▶ **Aim of the task**: Any pictures in the records below must be left out when you repeat the lines from the line containing "Large Size Women" through the line containing "SaniGoods Lilia elektrische" exactly.

▶ **Dataset excerpts**:
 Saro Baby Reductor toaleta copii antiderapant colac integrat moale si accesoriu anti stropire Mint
---
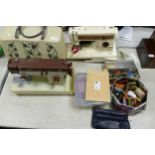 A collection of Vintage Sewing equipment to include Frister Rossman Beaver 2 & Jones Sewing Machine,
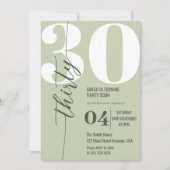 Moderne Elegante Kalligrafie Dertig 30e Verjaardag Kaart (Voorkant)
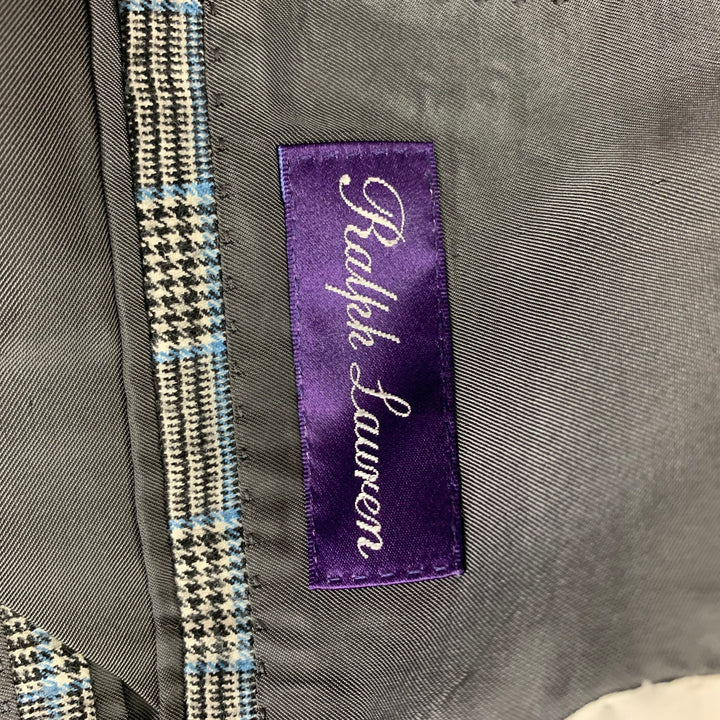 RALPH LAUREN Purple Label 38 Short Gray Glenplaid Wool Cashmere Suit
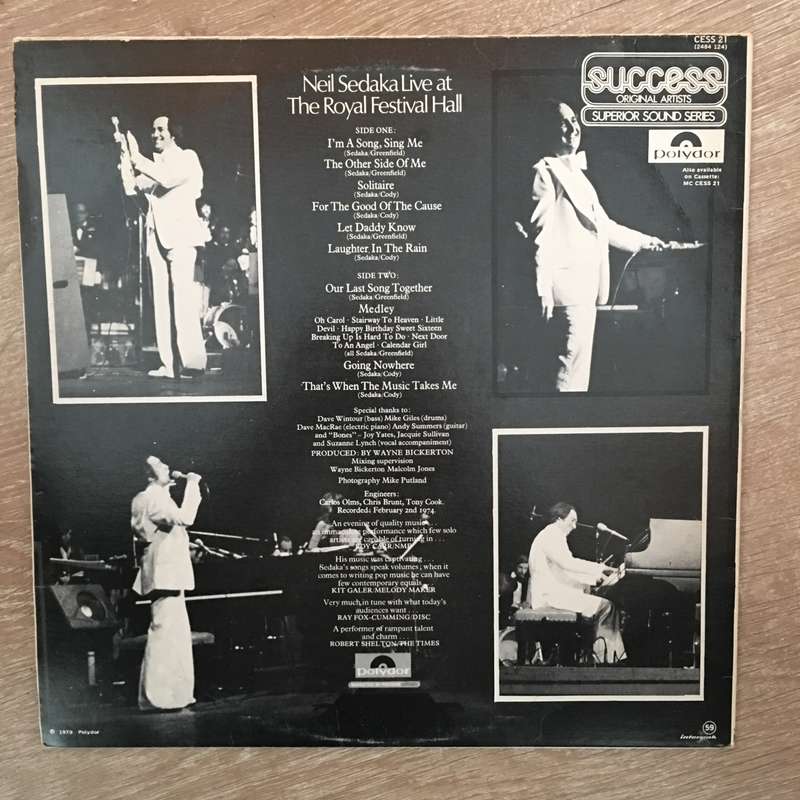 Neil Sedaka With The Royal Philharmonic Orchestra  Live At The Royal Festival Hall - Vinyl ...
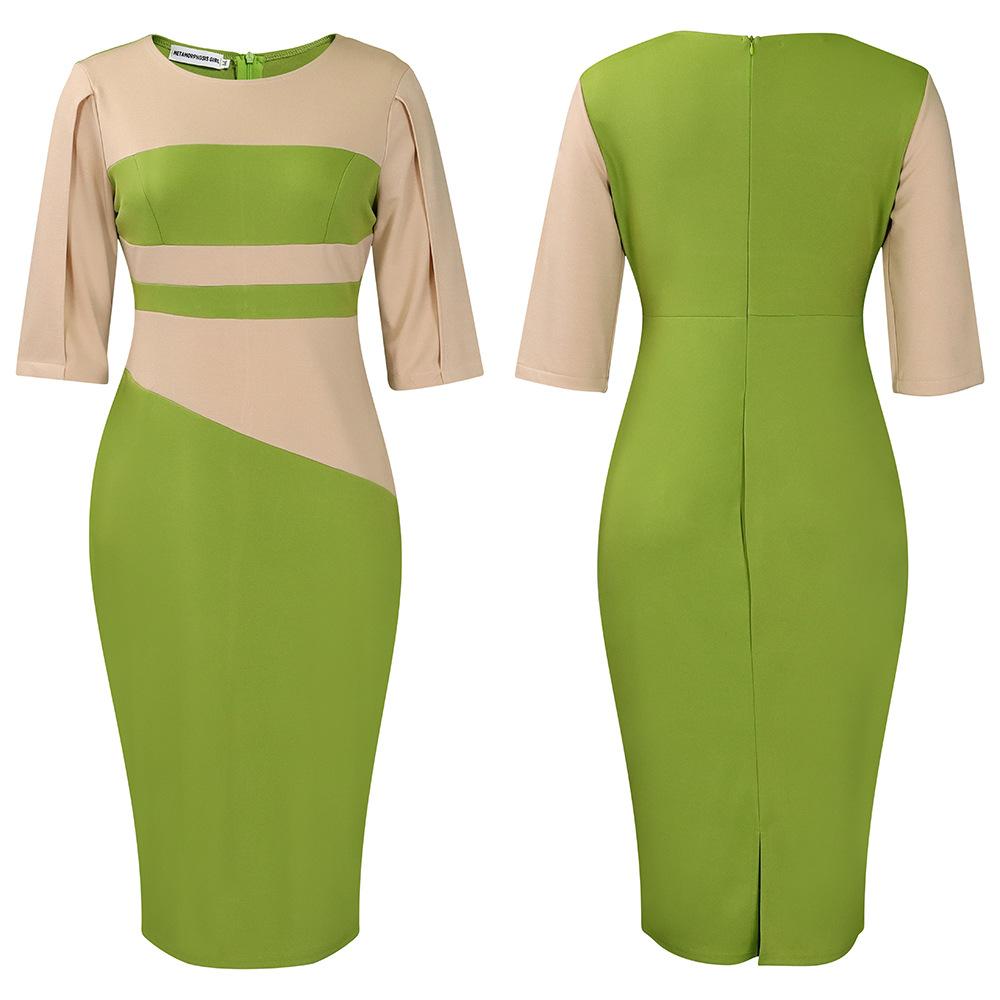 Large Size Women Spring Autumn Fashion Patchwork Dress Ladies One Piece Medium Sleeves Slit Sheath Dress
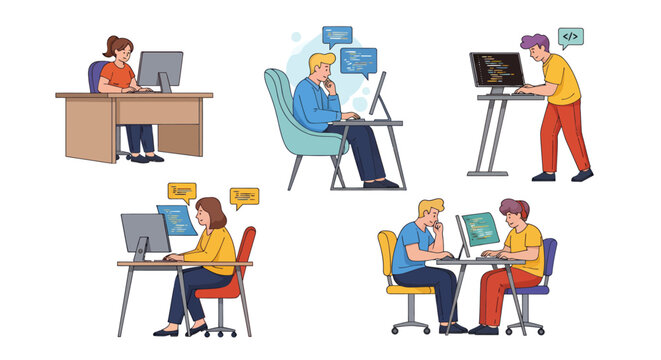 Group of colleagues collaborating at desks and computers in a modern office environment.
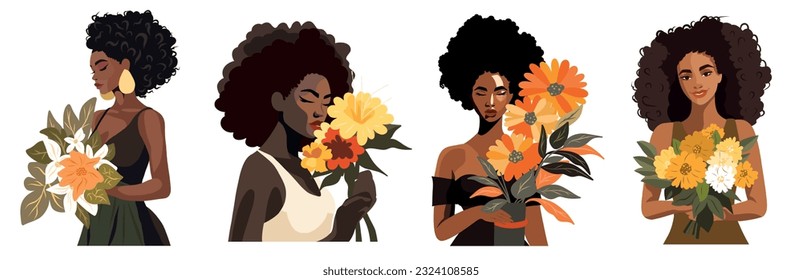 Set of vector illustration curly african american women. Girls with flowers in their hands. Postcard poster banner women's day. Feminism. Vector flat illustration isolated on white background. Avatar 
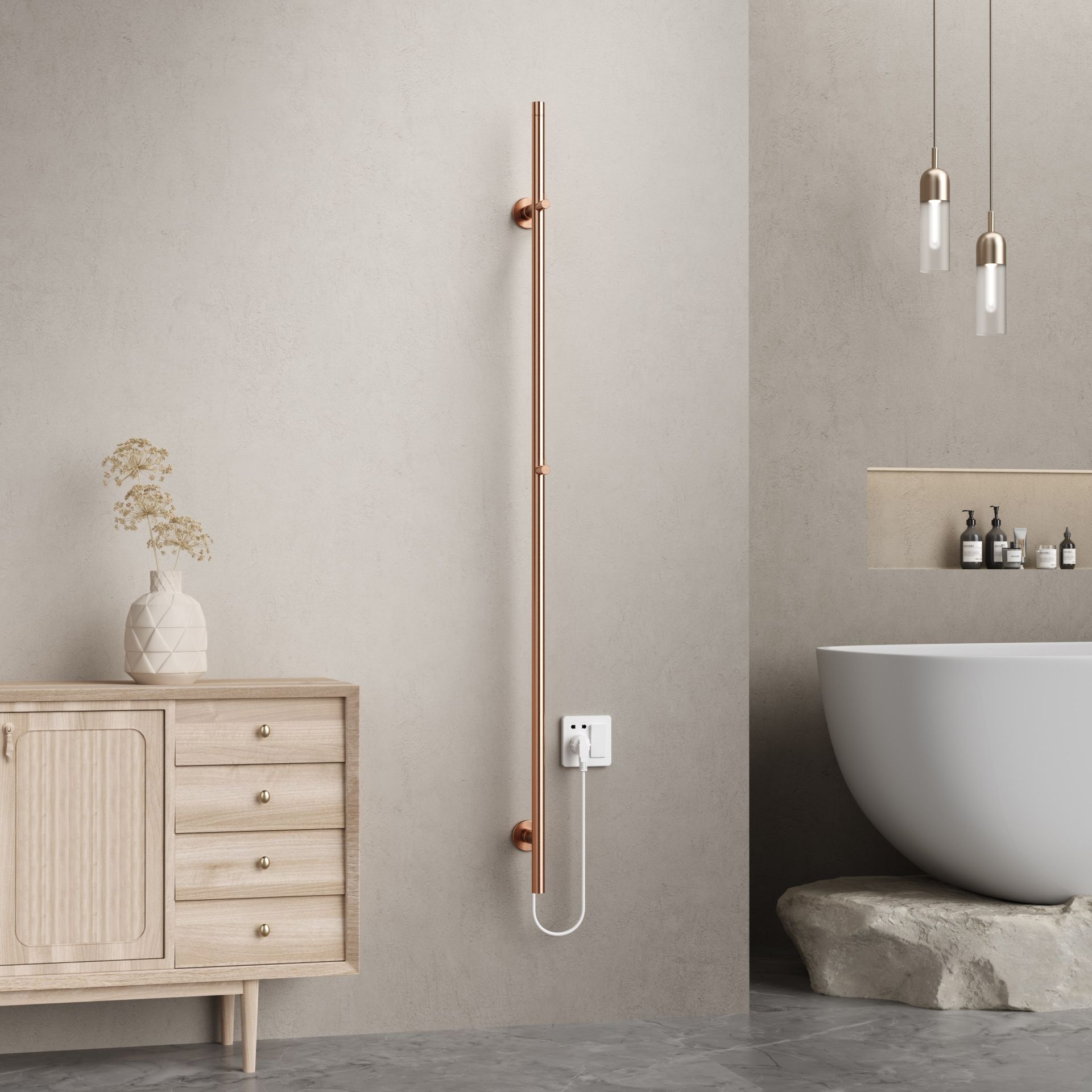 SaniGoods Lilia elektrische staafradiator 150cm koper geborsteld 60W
* * *
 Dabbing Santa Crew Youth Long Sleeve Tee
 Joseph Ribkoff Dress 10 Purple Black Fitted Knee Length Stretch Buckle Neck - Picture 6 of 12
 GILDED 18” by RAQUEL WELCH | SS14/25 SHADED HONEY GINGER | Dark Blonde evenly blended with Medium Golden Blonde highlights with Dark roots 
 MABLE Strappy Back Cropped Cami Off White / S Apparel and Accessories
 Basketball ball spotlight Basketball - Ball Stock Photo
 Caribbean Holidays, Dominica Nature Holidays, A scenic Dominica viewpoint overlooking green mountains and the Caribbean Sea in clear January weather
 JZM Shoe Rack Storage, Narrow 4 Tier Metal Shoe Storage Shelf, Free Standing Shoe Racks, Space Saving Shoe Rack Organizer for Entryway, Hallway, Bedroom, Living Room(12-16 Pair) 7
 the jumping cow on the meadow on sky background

▶ **Solved exercise**:
 Large Size Women Spring Autumn Fashion Patchwork Dress Ladies One Piece Medium Sleeves Slit Sheath Dress
 Group of colleagues collaborating at desks and computers in a modern office environment.
 Set of vector illustration curly african american women. Girls with flowers in their hands. Postcard poster banner women's day. Feminism. Vector flat illustration isolated on white background. Avatar 
 SaniGoods Lilia elektrische staafradiator 150cm koper geborsteld 60W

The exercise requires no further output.